In this introductory talk we show a number of motivating real world examples where more intelligent retrieval can bridge the language gap between authors and users. Such an intelligent retrieval needs to account for the language utterance of both sides and can use an ontology for translating language utterances into a controlled vocabulary. Since the used terms differ from person to person and over time, the language utterance needs to be acquired and maintained in a continuous process. We argue that companies who have established terminology management or use controlled vocabularies are in a prime position to build up the needed background knowledge for the adoption of semantic searches.

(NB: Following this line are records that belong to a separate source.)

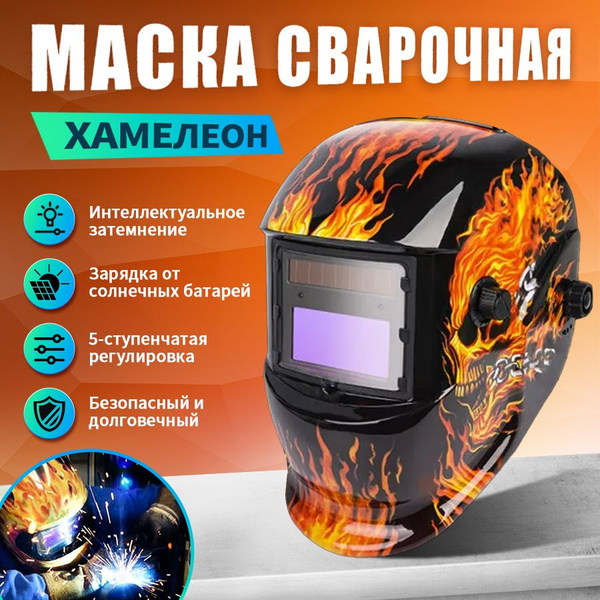 Маска сварочная хамелеон, PRO Настоящий цвет Зеркальная 110*90мм, DIN 4 ...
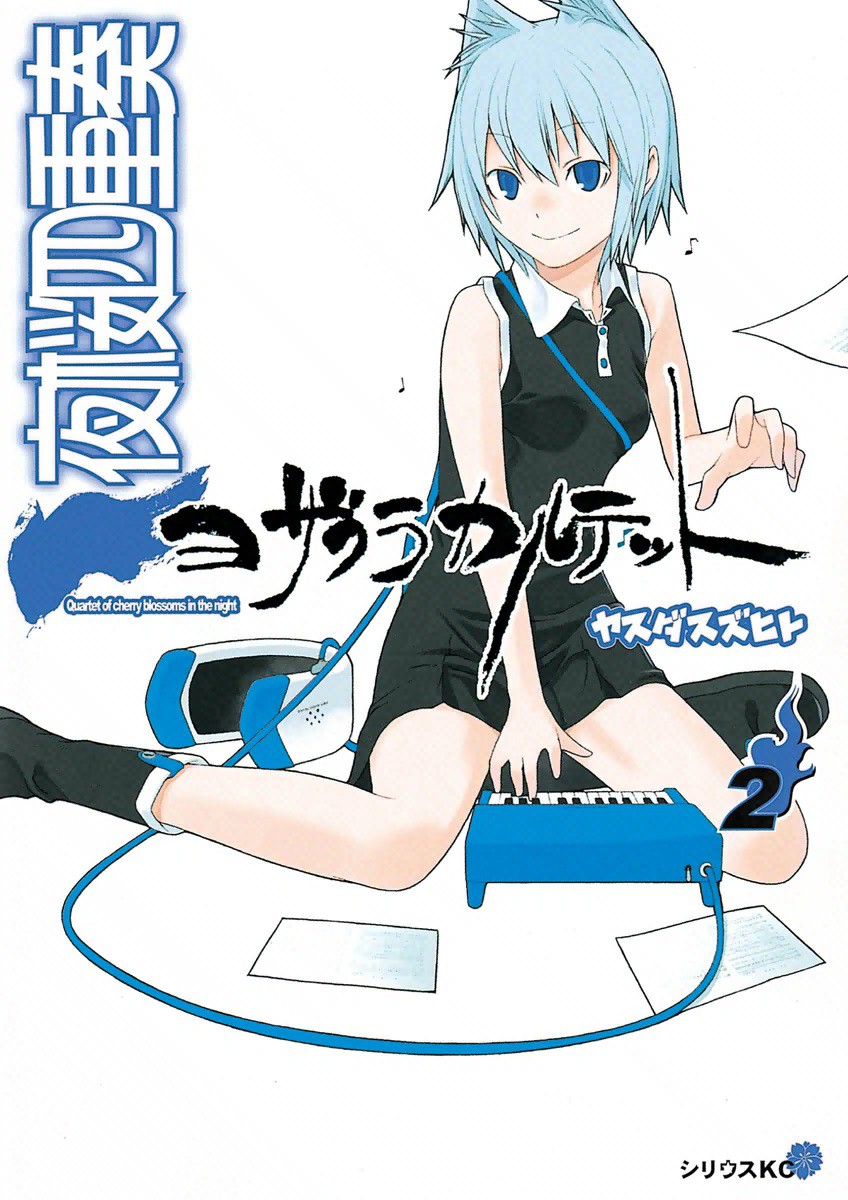 Yozakura Quartet, Vol. 2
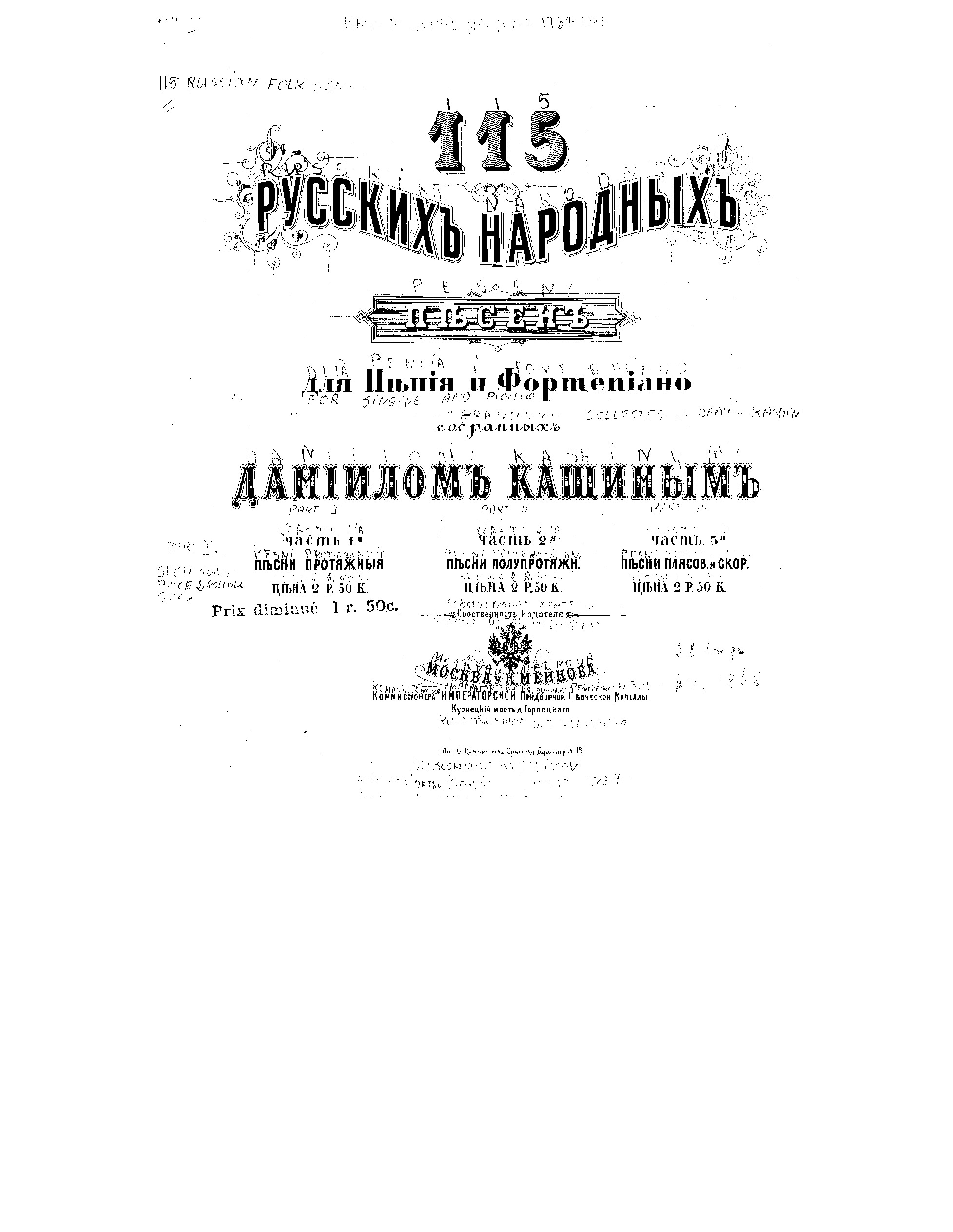 115 Russian Folk Songs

Did you ever recognize that names of entities are not fixed? Your family name may change with marriage or divorce. Streets, places, cities, communities, counties and even countries may be renamed occasionally. Products get renamed as well as departments, companies and organizations. But, what doesn’t change is the use of old names in information. Names of entities are hence only valid for a certain period of time. Again an intelligent search needs to account for this situation. We argue that the time information connected with the validity of a name can be used to extend retrieval functionality. E.g. collecting all relevant information of a department or company if its name has changed, identifying a company under different names in multiple address records, translating historical address for the purpose of geocoding, etc.

About Thomas Hoppe

Thomas Hoppe

Datenlabor Berlin develops customer-specific data products and algorithms from the initial conception up to prototypical solutions, especially but not exclusively for SMEs.

It applies appropriate methods and concepts from data gathering and integration, over data cleansing, text and data mining, data and (social) networks analysis, knowledge engineering and modeling up to the validation and evaluation of the designed algorithms.

Even young, it worked already for a number of well-known customers, including T-Systems, Ontoprise, Vivaki, Ontonym, Europublic and locadeo.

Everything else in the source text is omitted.